Acrobat and Ghostscript display nothing. MuPDF shows the chars.

Ghostscript does note that it's using a substitute font.
Comment 3 Tor Andersson 2021-02-25 15:19:59 UTC
I also cannot find anything in this file that drawns a white cover over anything.

The content stream draws the text second-to-last followed by a black stroked line. There's nothing following the text that would indicate a white cover.
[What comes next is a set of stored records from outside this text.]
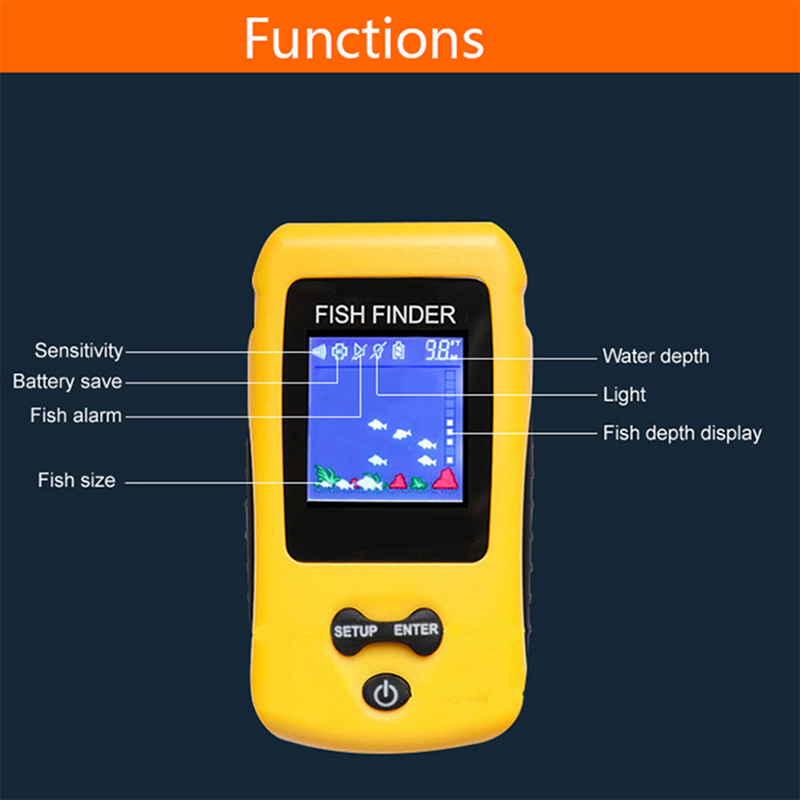 新品 カラフル ワイヤレス魚群探知機、ソナーセンサー トラン - Fish Finder Transducer のレビューと価格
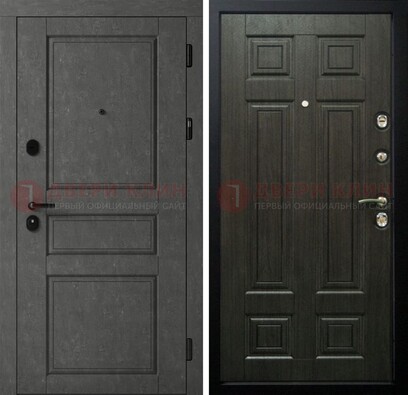 Серая стальная дверь с классическими МДФ ДМ-456 в Электрогорске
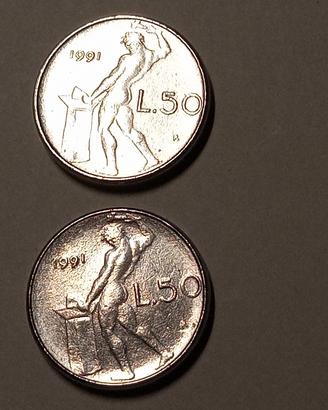 2 monete rare mini 50 lire del 1991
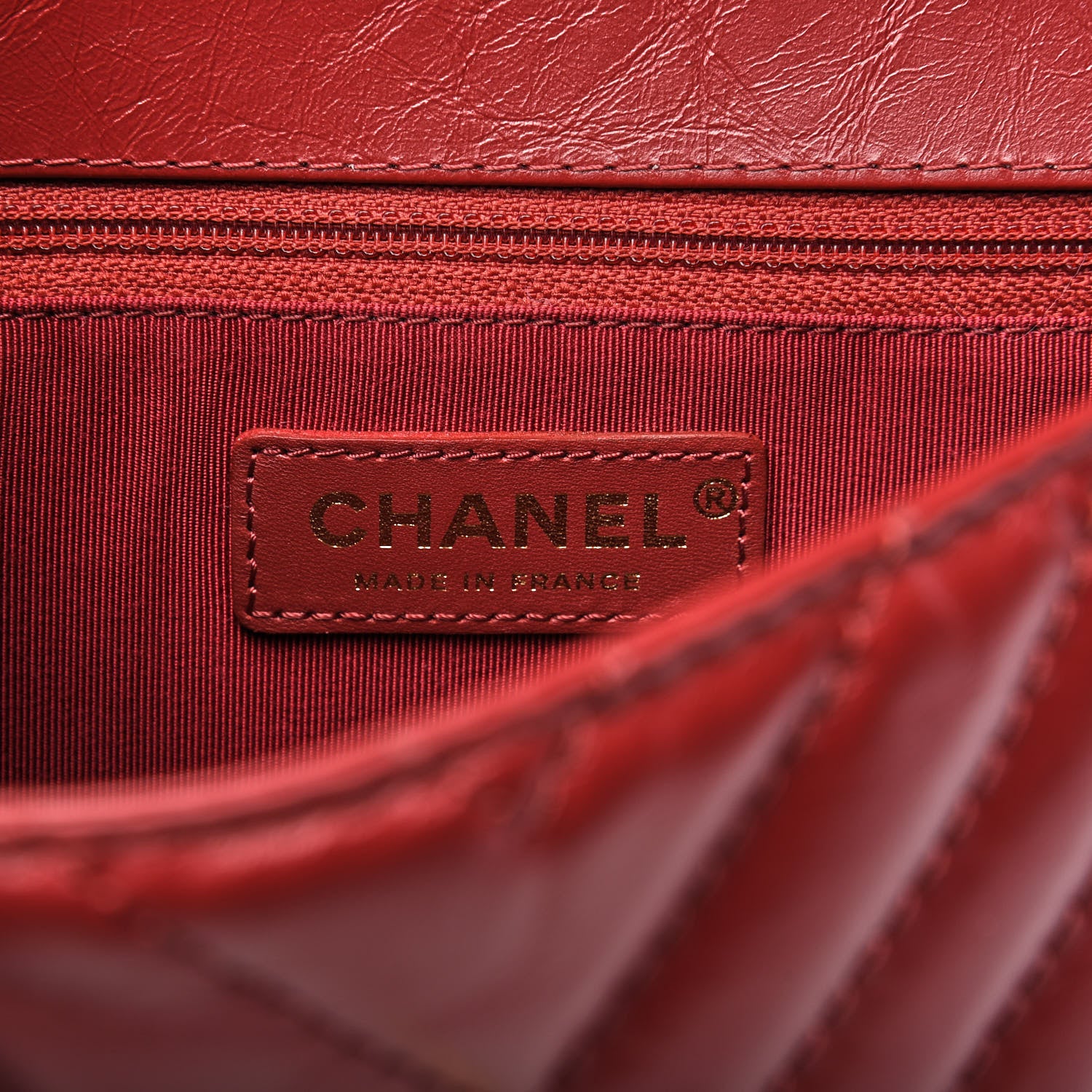 Chanel Calfskin Chevron Quilted Top Handle Flap Red 8 of 10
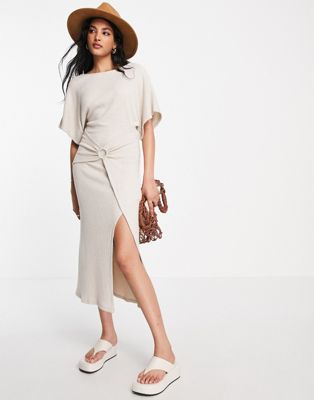 ASOS DESIGN short sleeve ribbed midi dress with ring detail in cream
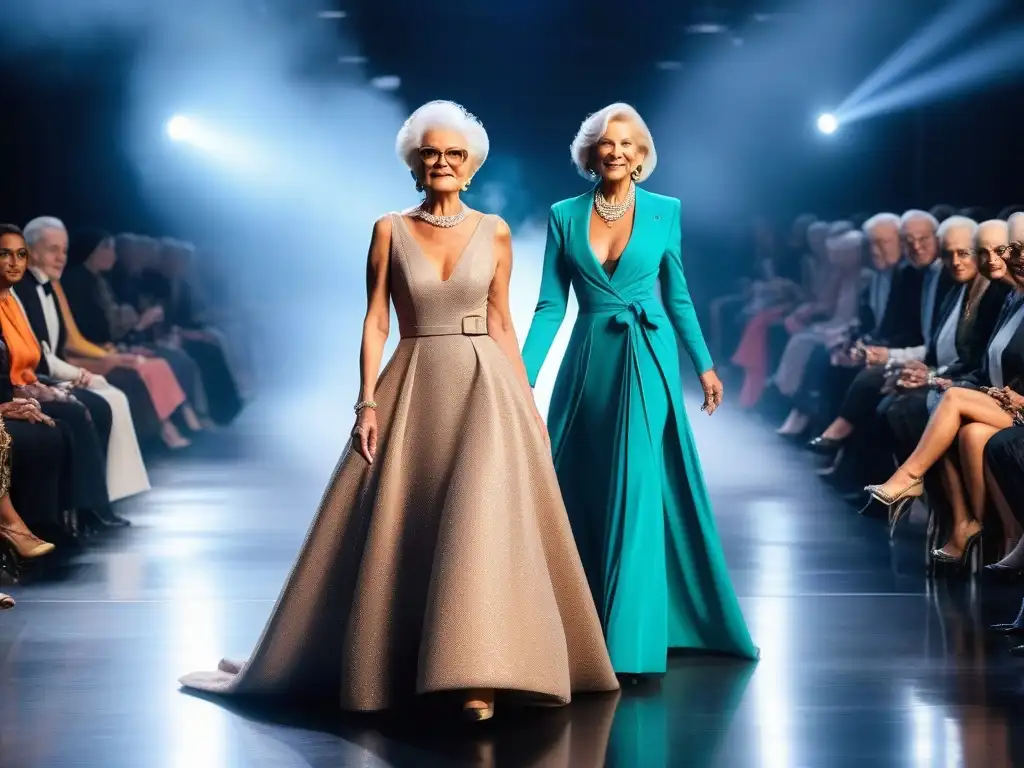 Desfile de moda senior: elegancia y diversidad en la pasarela Una pasarela de moda senior, diversidad y elegancia en edad, con estilos únicos y seguros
Acrobat and GS draw nothing, because there's garbage encoding information and the font is not embedded. MuPDF draws the garbage encoded text anyway. Both MuPDF and Acrobat can copy the Hebrew text because there is a ToUnicode mapping, but that is only used for copying the text, not for rendering.
Comment 4 Tor Andersson 2021-02-25 16:20:47 UTC
The text appearing different in all the viewers is down to how they all handle broken cases with insufficient encoding information differently. In GS and Acrobat the text disappears, while MuPDF tries to show something based on falling back to a WinANSI encoding if the named glyphs are not present in the font.

If you want to show Hebrew text in a PDF, you have to embed the fonts.